Formado em Direito e servidor público federal, o então companheiro de Paula havia optado por uma nova estratégia de violência - que não deixa marcas na pele, mas que dificilmente serão esquecidas.

— Me xingava de negra, desgraçada, vagabunda, pobre. Fazia questão de dizer que eu precisava dele para tudo — lembra ela, que abandonou o emprego e a cidade natal para acompanhar o marido, transferido para Porto Alegre.
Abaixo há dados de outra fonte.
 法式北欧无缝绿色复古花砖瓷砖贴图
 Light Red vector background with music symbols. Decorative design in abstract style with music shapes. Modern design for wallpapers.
Paula só pôde voltar ao abrigo porque assegurou às funcionárias do Viva Maria que havia mantido em sigilo o endereço da casa. Chegou lá pela mesma porta de entrada da primeira vez, a Delegacia da Mulher. Mas preencheu requisitos diferentes na ficha cadastral: estava sem usar cocaína, com um filho a mais nos braços e um diploma universitário em Serviço Social.
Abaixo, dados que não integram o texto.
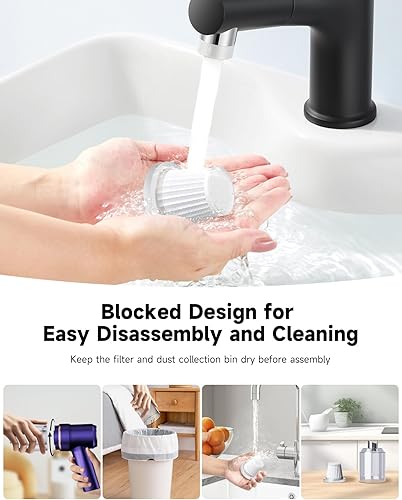 Miniatura 5 de Mini aspiradora inalámbrica con luz LED  Aspiradora de mano de 15000 Pa recargable - Aspiradora portátil 3 en 1 potente para automóvil con múltiples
Fora as tarefas diárias compartilhadas, como limpeza da casa e cuidado das crianças, Paula quase não convive com as outras moradoras do abrigo, sequer divide a sua história. Reclama do tratamento igualitário oferecido pelas funcionárias, que, segundo ela, é balizado pelas mulheres que apanharam a vida inteira e que repetem a violência com os próprios filhos.

— É como se eu fosse parecida com elas, então falam igual comigo e com meus filhos. Falam alto, são grosseiras.
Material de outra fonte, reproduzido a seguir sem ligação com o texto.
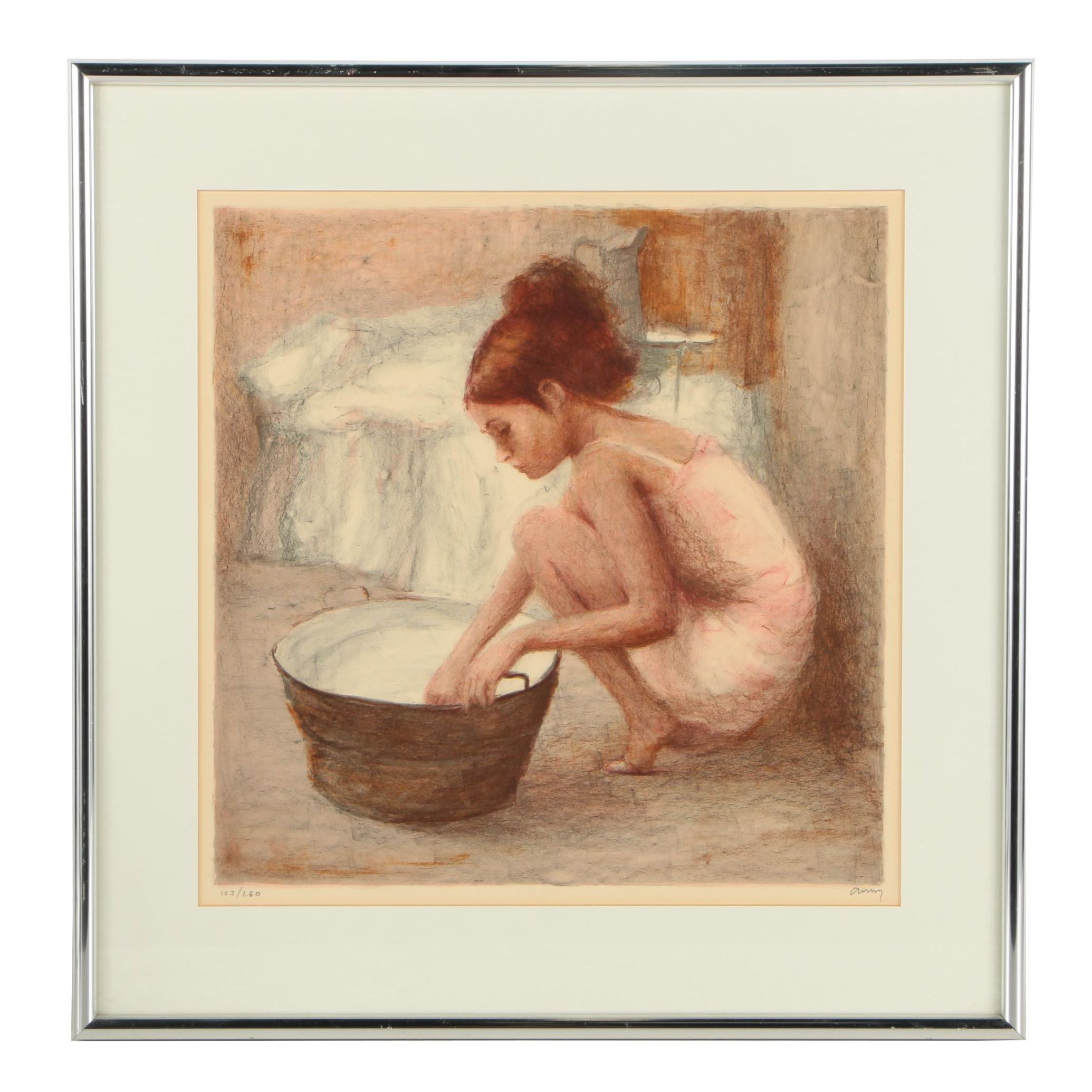 Limited Edition Lithograph on Paper of Woman and Tub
Por isso, prefere se isolar e passar o máximo de tempo com as crianças. Entre um choro e outro, confessa que tem medo de titubear e voltar para o ex-companheiro.

— O que não sai da minha cabeça é o início. Porque era bom. Precisei de um chacoalhão para entender que ele fingiu por um tempo, mas nunca foi o príncipe que eu achei que era.

O choque de realidade veio da terapeuta do abrigo Lúcia Fasolo, a quem chama de "anjo". Foi a ela que confidenciou pela primeira vez o momento em que começou a deixar de gostar de si mesma: aos nove anos, quando fora estuprada por um tio, pego em flagrante durante um jantar de família. A partir desse dia, os irmãos deixaram de respeitá-la, e a mãe não deu o acolhimento de que ela precisava.

Depois das conversas com a terapeuta, Paula começou a recuperar, aos poucos, a autoestima. Voltou a pentear os cabelos e a tomar banho diariamente - algo que teve de ser imposto de início pelas funcionárias. Contrariada com regras como essa, lamenta:

— Ele ficou em casa, e eu tô presa aqui.

Após sete anos de violência, vê como única saída fugir para longe.

— Tô vivendo ainda o luto de um homem vivo. Quero que ele morra pra mim. Para ver se isso vai embora.

Após 11 dias no abrigo, Paula foi viver em outro Estado com os dois filhos.